(Beginning of Dataset extract)

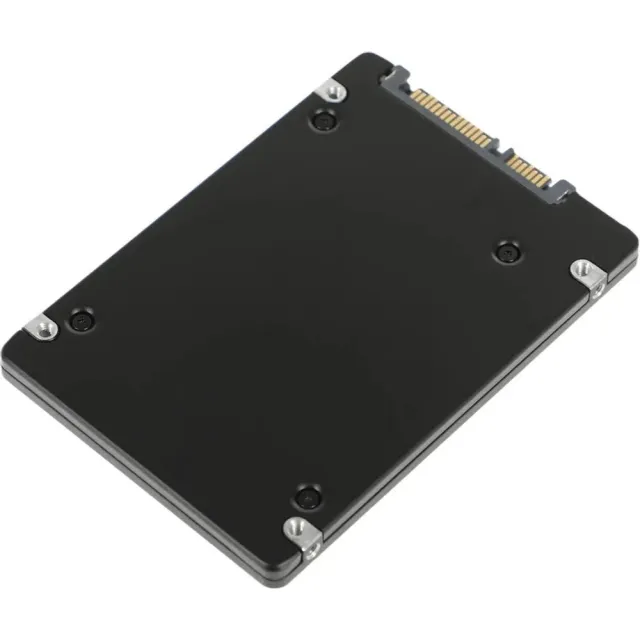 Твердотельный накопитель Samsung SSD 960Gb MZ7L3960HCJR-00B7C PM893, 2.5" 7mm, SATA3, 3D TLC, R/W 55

(End of Dataset extract)
(Beginning of Dataset extract)

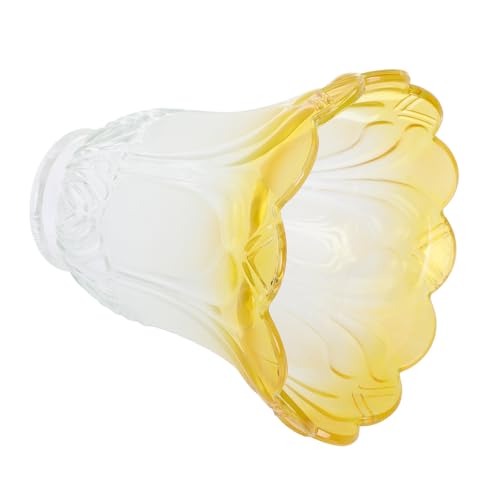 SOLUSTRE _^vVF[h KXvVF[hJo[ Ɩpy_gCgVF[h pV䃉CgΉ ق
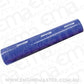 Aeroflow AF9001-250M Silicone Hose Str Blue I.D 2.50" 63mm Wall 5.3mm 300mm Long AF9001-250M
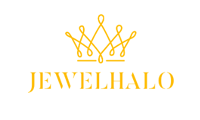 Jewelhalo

(End of Dataset extract)
(Beginning of Dataset extract)

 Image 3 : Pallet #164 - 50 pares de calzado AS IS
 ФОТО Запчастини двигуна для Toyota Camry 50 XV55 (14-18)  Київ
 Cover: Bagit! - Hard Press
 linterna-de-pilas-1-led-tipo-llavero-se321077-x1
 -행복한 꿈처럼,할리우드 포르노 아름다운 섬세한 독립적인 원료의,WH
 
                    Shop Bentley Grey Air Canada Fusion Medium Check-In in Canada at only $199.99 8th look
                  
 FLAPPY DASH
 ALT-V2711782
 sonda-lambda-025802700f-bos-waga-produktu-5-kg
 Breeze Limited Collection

(End of Dataset extract)

▶ _Assignment_
In the records above, the line with "Cover: Bagit! - Hard Press" marks the start and the line with "Breeze Limited Collection" marks the end; copy that stretch exactly, both lines included, and nothing else.

▶ _Exercise solution_
 Cover: Bagit! - Hard Press
 linterna-de-pilas-1-led-tipo-llavero-se321077-x1
 -행복한 꿈처럼,할리우드 포르노 아름다운 섬세한 독립적인 원료의,WH
 
                    Shop Bentley Grey Air Canada Fusion Medium Check-In in Canada at only $199.99 8th look
                  
 FLAPPY DASH
 ALT-V2711782
 sonda-lambda-025802700f-bos-waga-produktu-5-kg
 Breeze Limited Collection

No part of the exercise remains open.